Start of Block
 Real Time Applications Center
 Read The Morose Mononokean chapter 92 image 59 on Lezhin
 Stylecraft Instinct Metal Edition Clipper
End of Block
## Prompt
Reproduce the whole listing above, word for word.

## Solution to this exercise
 Real Time Applications Center
 Read The Morose Mononokean chapter 92 image 59 on Lezhin
 Stylecraft Instinct Metal Edition Clipper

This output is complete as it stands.